Exercise :: Please copy out the entries below exactly, beginning with the line that contains "-乐宠宠物店(世纪金源店)" and ending with the line that contains "Growreport Bild 22", and include nothing outside that span.

Exercise material ::
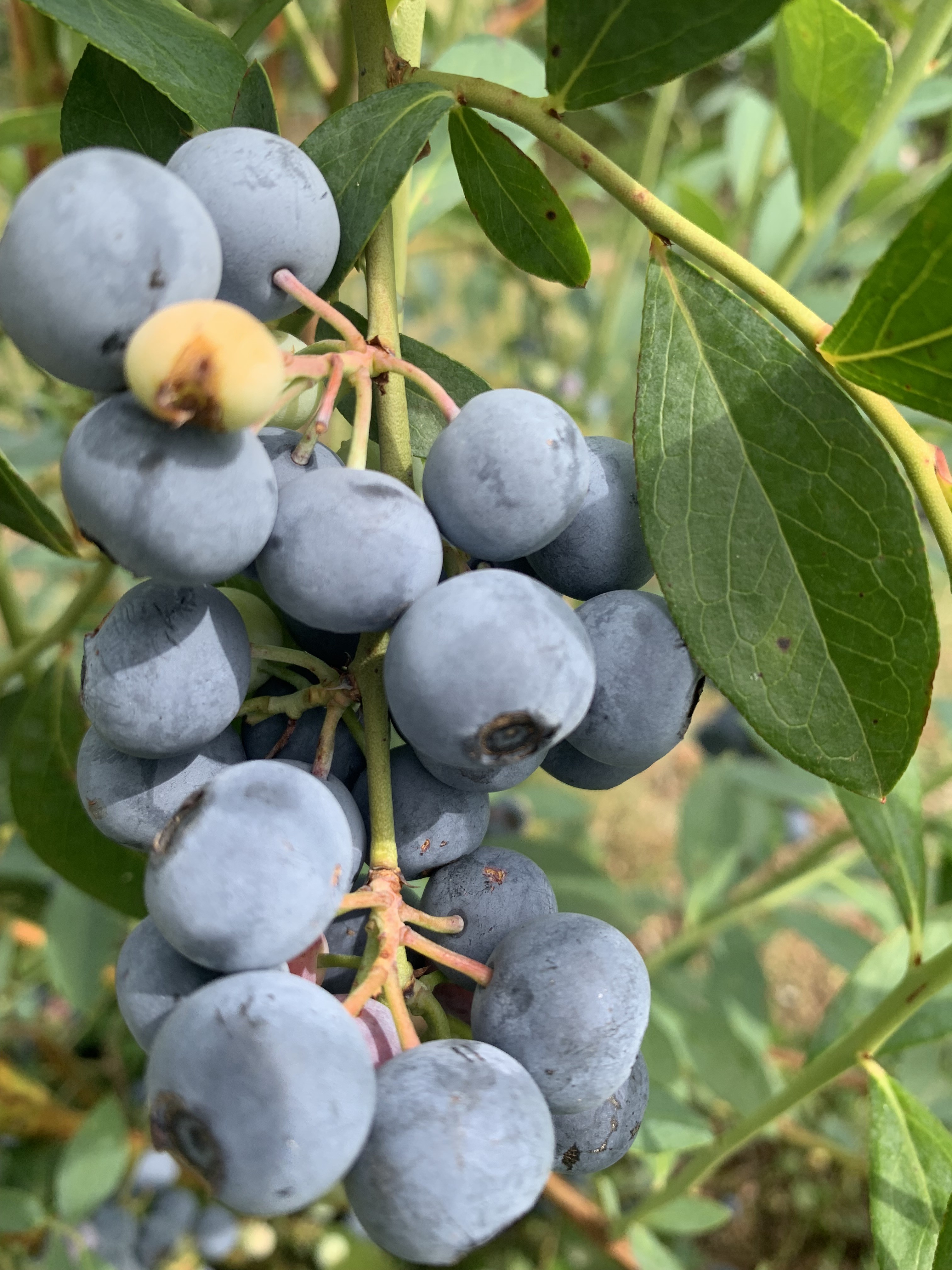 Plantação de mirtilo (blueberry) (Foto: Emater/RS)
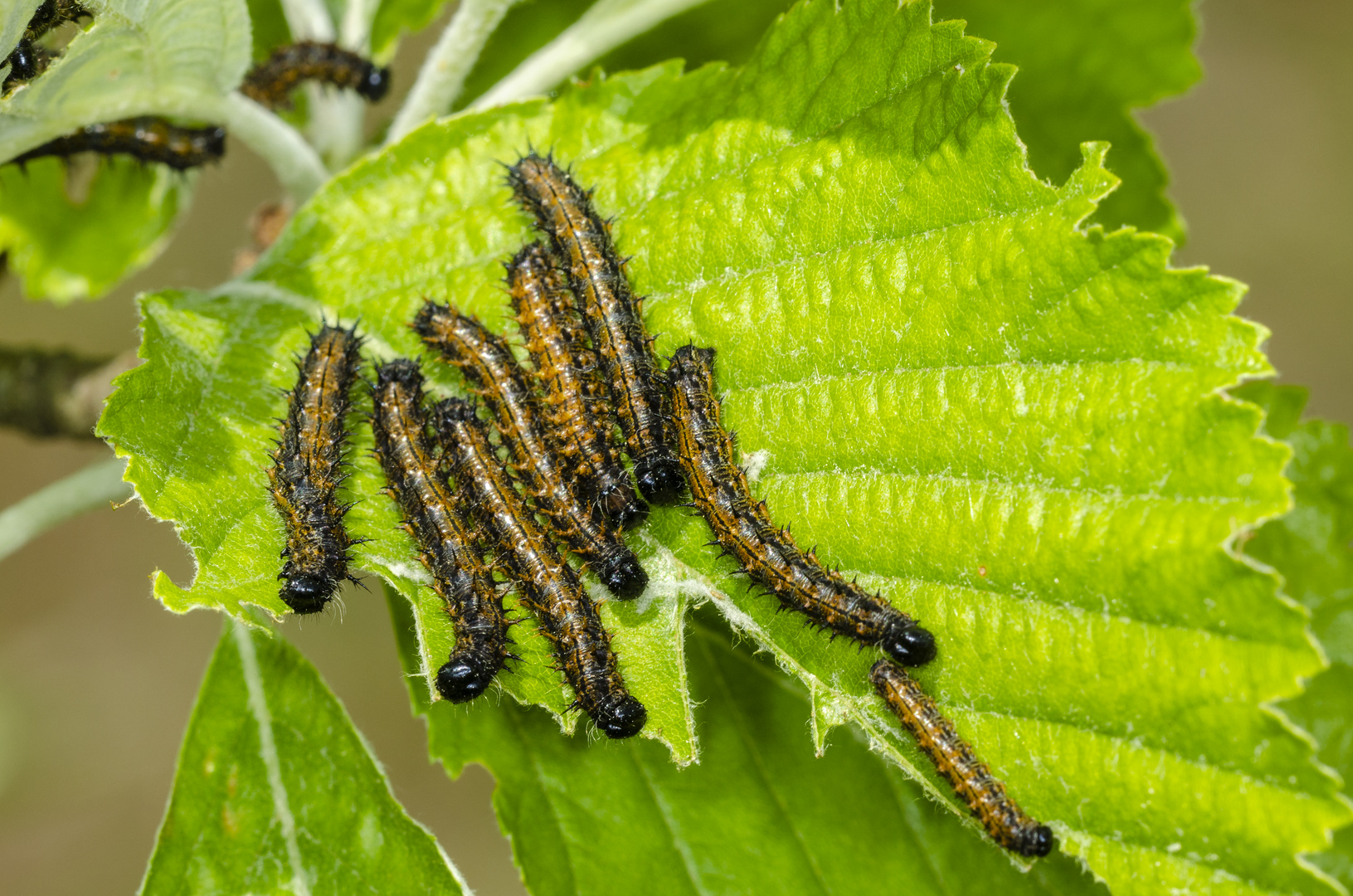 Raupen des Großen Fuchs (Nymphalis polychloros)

* * *

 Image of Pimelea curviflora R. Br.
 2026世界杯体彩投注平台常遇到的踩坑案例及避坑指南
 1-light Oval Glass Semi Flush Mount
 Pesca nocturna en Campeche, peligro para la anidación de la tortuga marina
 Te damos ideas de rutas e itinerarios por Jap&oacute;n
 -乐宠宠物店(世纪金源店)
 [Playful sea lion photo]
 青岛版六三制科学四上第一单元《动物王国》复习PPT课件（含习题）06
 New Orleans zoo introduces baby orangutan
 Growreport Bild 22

Answer section ::
 -乐宠宠物店(世纪金源店)
 [Playful sea lion photo]
 青岛版六三制科学四上第一单元《动物王国》复习PPT课件（含习题）06
 New Orleans zoo introduces baby orangutan
 Growreport Bild 22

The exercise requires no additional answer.